Exercise brief: The answer must be an exact copy of the records, with no pictures in it.

Data records:

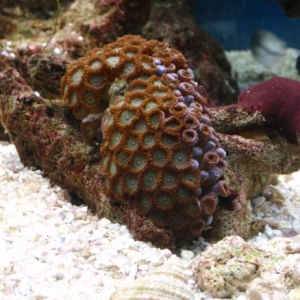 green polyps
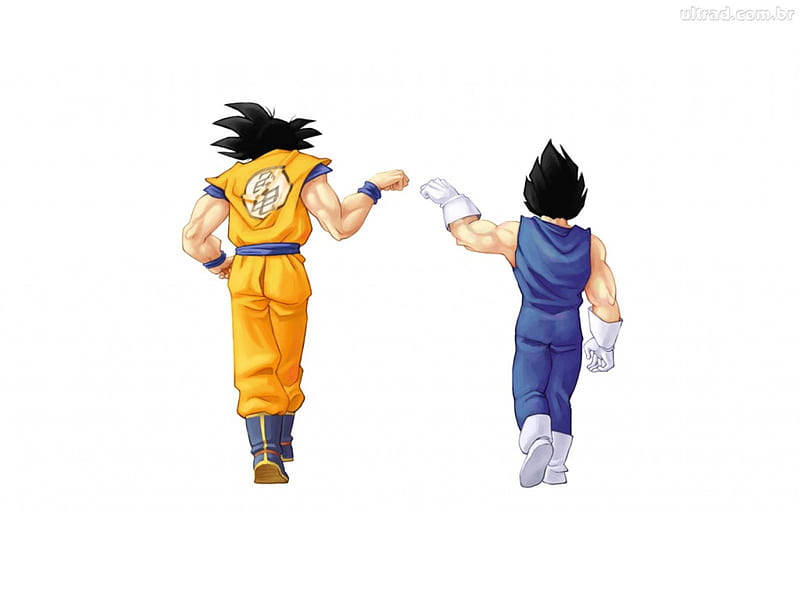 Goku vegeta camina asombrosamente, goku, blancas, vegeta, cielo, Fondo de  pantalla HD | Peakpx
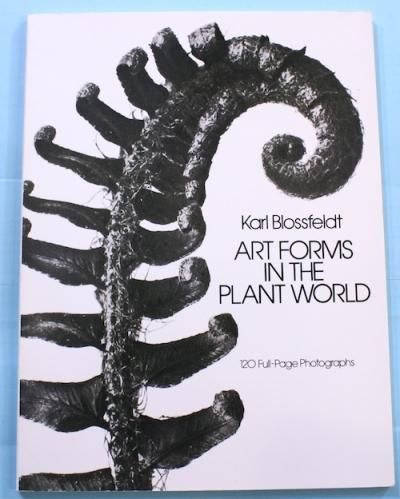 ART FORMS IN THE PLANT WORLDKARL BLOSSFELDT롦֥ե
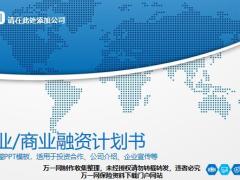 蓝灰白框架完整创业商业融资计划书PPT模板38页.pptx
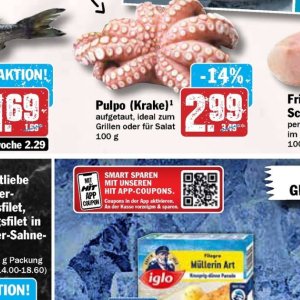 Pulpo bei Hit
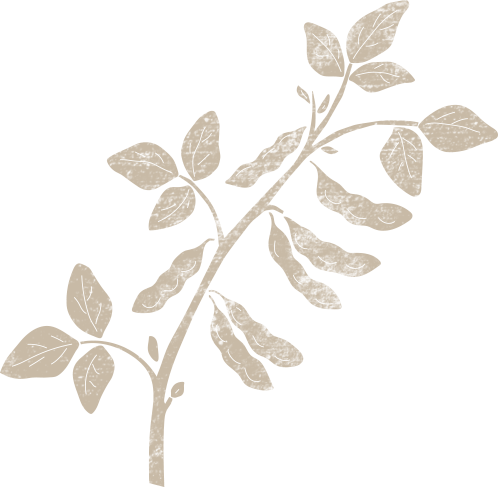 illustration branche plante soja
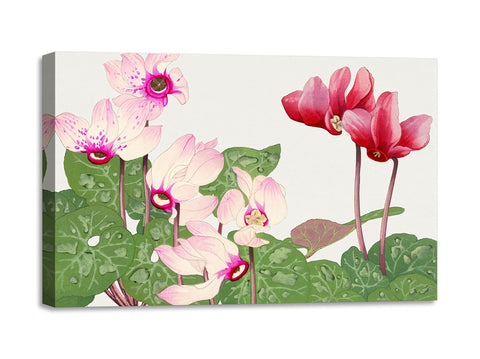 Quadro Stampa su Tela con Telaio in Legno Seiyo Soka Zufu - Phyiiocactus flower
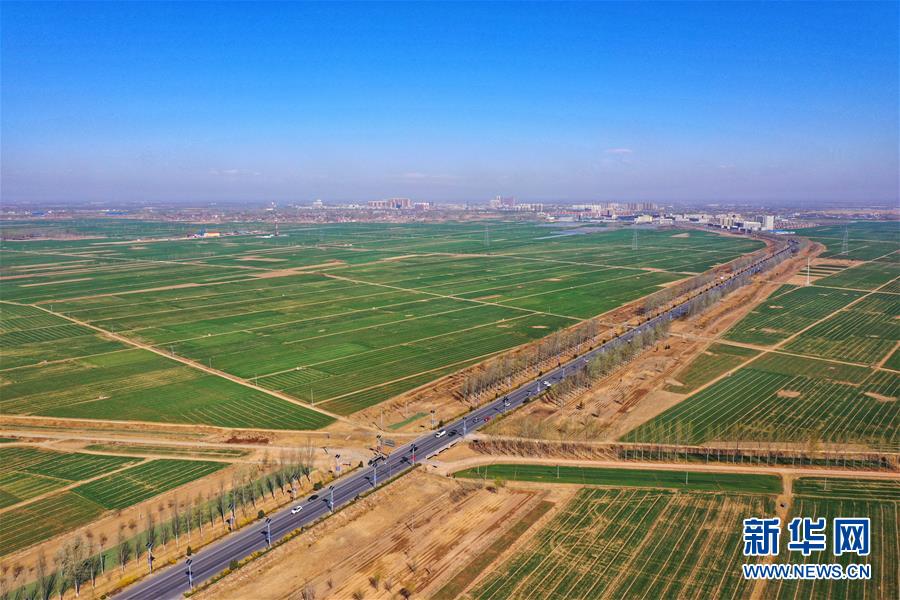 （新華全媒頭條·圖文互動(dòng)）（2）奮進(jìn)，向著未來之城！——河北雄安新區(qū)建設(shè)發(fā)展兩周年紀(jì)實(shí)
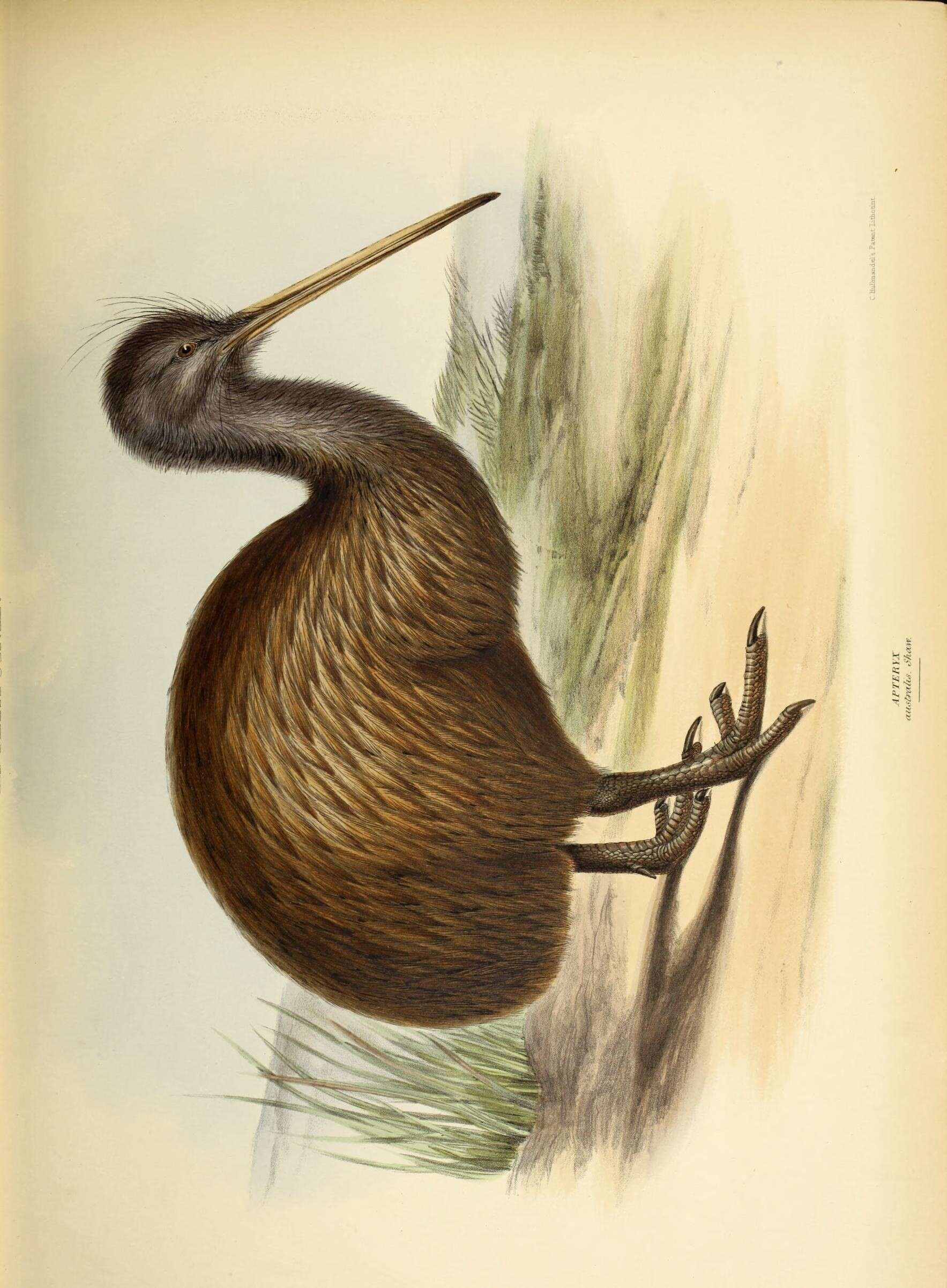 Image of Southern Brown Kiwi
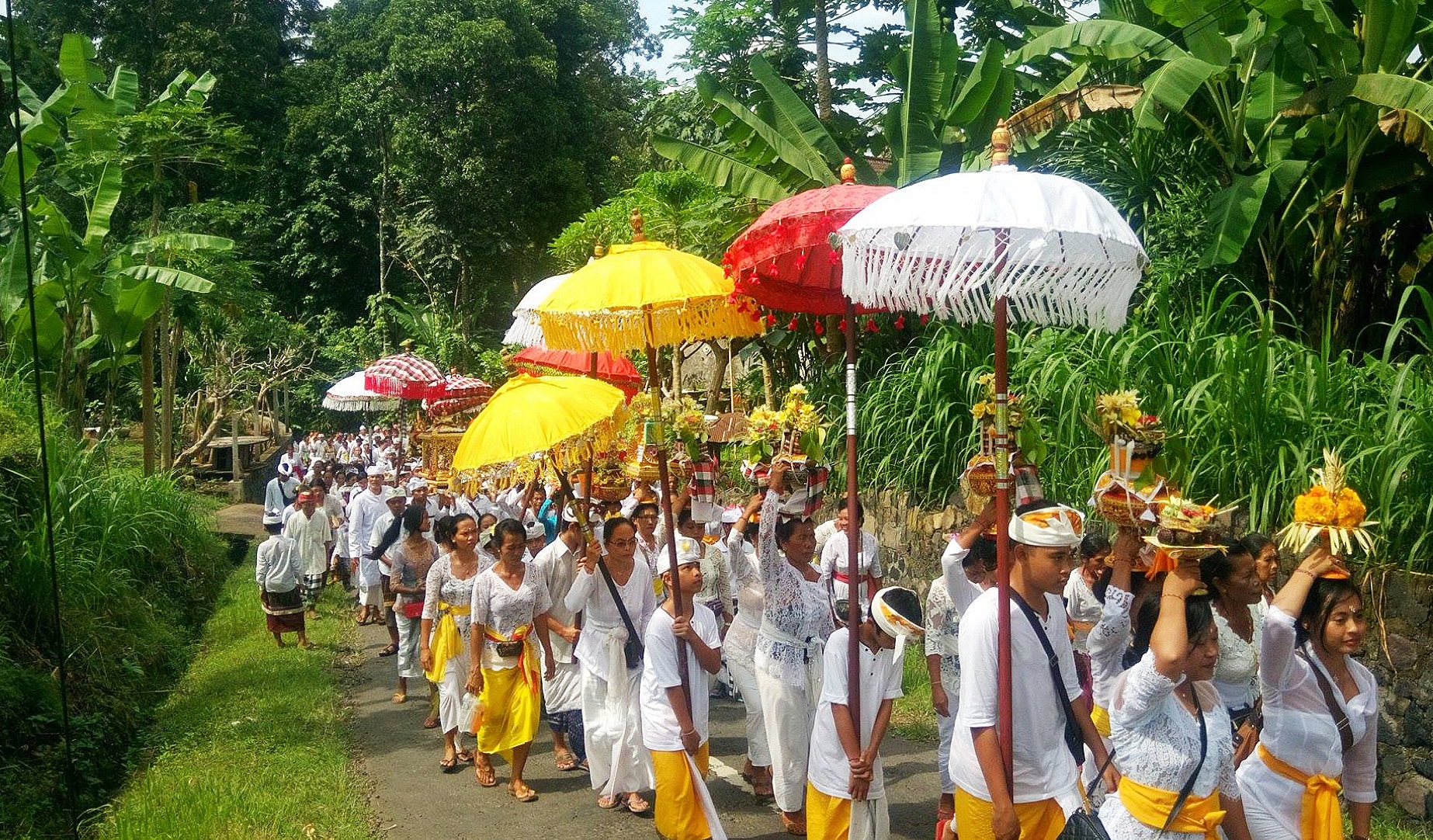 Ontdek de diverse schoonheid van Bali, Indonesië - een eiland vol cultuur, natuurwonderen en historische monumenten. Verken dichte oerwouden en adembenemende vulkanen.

Written solution:
 green polyps
 Goku vegeta camina asombrosamente, goku, blancas, vegeta, cielo, Fondo de  pantalla HD | Peakpx
 ART FORMS IN THE PLANT WORLDKARL BLOSSFELDT롦֥ե
 蓝灰白框架完整创业商业融资计划书PPT模板38页.pptx
 Pulpo bei Hit
 illustration branche plante soja
 Quadro Stampa su Tela con Telaio in Legno Seiyo Soka Zufu - Phyiiocactus flower
 （新華全媒頭條·圖文互動(dòng)）（2）奮進(jìn)，向著未來之城！——河北雄安新區(qū)建設(shè)發(fā)展兩周年紀(jì)實(shí)
 Image of Southern Brown Kiwi
 Ontdek de diverse schoonheid van Bali, Indonesië - een eiland vol cultuur, natuurwonderen en historische monumenten. Verken dichte oerwouden en adembenemende vulkanen.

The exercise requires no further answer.